More than 330 new local businesses have sprung up around the Pueblo Viejo mine since Barrick acquired the operation in 2006. Here are just a few examples:
With a membership of 48, the Hatillo Fishermen’s Union and Association has been operating a fish farm on the Hatillo Reservoir, for more than a year, that breeds four different types of fish. Located six kilometers downstream from the Pueblo Viejo mine, the Association breeds a total of 1,500 fish per breed, keeping its members very busy. But the story was very different several years ago.
“Inclement weather and poor water quality prevented us from successfully breeding fish in floating cages,” says Feliz Romero Perez, an Association member. “Barrick provided us with new cages to grow fish two and a half years ago, and we’ve just had our first fish harvest. Now we are working on our second.”
Sonya Castellano informally launched her baking business in Cotuí in 1987 out of necessity.
“My husband’s pension proved too little to maintain our family’s quality of life, so I began selling cake in a portable cooker with a pot and a grill,” recalls Castellano.
Initially, her bakery was more of a service: patrons would bring her ingredients and pay her to bake cakes. By 2000, her four children, three daughters and a son, were working for her. In 2007, the bakery became one of Pueblo Viejo’s food suppliers. One of Castellano’s daughters, Bladanlli, is now a professional chef who is trained in various pastry-making techniques.
“I hope to see my children grow and work with Barrick’s employees, as I did,” Castellano says.
For the past nine years, the Unifying Dominican Hands Foundation has empowered women in the municipality of Cotuí to find new avenues to generate income. One program recently introduced by the foundation helps women transform recycled materials, such as plastics and used clothes, into artisanal crafts that are sold at local and international fairs. The program is called Ecological Creations from the Colony.
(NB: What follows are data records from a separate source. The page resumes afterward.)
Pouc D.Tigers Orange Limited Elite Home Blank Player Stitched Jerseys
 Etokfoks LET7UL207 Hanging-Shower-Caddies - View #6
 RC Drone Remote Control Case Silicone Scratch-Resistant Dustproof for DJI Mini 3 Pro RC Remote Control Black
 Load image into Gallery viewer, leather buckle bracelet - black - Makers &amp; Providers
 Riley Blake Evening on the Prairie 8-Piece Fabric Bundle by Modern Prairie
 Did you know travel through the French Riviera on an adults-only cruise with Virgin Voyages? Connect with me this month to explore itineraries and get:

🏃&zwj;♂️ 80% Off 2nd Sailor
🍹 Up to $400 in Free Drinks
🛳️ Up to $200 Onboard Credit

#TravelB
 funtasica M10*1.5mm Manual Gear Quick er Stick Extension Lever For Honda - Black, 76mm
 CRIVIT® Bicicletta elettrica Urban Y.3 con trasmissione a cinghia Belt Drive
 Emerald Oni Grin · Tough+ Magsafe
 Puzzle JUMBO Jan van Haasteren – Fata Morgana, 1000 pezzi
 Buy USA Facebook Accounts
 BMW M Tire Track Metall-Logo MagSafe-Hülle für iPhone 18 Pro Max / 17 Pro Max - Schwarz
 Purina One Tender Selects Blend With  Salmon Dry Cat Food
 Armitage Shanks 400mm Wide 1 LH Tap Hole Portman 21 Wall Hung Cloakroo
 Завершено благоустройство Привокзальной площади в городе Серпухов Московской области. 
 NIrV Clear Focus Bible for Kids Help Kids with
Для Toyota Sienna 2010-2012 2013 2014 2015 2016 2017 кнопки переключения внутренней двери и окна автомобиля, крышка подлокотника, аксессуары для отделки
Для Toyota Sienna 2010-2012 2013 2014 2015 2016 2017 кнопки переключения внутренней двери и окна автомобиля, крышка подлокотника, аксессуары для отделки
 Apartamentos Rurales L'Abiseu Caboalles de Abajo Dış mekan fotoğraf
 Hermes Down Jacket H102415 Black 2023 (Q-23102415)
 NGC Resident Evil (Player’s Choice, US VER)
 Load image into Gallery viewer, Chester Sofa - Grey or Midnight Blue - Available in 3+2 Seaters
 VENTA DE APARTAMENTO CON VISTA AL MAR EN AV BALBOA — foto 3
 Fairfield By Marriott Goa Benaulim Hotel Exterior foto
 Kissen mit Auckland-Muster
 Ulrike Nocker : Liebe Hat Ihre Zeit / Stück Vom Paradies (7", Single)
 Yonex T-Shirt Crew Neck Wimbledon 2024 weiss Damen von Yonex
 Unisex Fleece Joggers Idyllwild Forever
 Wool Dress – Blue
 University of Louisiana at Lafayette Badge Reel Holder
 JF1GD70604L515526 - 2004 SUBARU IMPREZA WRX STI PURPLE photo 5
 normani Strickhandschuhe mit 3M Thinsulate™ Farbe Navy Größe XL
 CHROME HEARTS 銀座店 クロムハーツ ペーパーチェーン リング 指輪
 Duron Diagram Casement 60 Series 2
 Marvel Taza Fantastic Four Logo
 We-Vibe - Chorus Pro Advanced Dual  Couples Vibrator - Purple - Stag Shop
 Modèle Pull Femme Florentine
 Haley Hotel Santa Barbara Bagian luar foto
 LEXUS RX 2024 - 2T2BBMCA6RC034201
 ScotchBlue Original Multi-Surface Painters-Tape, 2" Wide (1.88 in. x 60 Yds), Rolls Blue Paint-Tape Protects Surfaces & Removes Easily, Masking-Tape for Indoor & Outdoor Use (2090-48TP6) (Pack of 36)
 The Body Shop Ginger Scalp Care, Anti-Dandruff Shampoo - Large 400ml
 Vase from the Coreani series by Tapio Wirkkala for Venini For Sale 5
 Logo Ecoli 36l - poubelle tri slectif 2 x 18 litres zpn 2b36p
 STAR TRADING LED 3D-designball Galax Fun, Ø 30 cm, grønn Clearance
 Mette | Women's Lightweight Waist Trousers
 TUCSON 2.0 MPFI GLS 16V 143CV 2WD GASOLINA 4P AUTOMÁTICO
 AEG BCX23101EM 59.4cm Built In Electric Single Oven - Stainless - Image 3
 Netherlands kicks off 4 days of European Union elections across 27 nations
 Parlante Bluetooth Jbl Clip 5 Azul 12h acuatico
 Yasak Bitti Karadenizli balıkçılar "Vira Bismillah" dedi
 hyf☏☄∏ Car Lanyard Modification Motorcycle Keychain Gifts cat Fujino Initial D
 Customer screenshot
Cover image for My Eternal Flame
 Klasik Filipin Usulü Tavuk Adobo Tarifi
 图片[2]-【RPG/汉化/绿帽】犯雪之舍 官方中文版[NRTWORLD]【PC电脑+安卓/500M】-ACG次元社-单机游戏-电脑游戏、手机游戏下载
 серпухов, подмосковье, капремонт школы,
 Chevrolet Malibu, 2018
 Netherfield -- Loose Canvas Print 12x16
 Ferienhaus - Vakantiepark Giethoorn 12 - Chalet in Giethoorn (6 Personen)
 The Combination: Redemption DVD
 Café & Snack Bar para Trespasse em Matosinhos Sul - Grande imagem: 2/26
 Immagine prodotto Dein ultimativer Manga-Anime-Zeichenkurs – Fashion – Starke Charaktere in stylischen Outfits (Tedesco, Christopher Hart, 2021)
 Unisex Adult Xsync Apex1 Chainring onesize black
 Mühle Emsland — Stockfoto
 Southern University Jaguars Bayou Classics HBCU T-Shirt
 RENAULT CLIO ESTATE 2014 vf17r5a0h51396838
“None of this would be possible without support from Barrick’s Business Incubator here in the province of Sánchez Ramírez,” says Ramona Ortiz, Vice President of the Foundation. “Because of this project, these women are earning additional income working from home, and some have had the opportunity to travel to Santa Fe, New Mexico, and San Antonio, Texas, to sell the wallets and purses that they’ve created.”
The foundation is also offering sewing classes to local women to further encourage them to start their own business out of their home.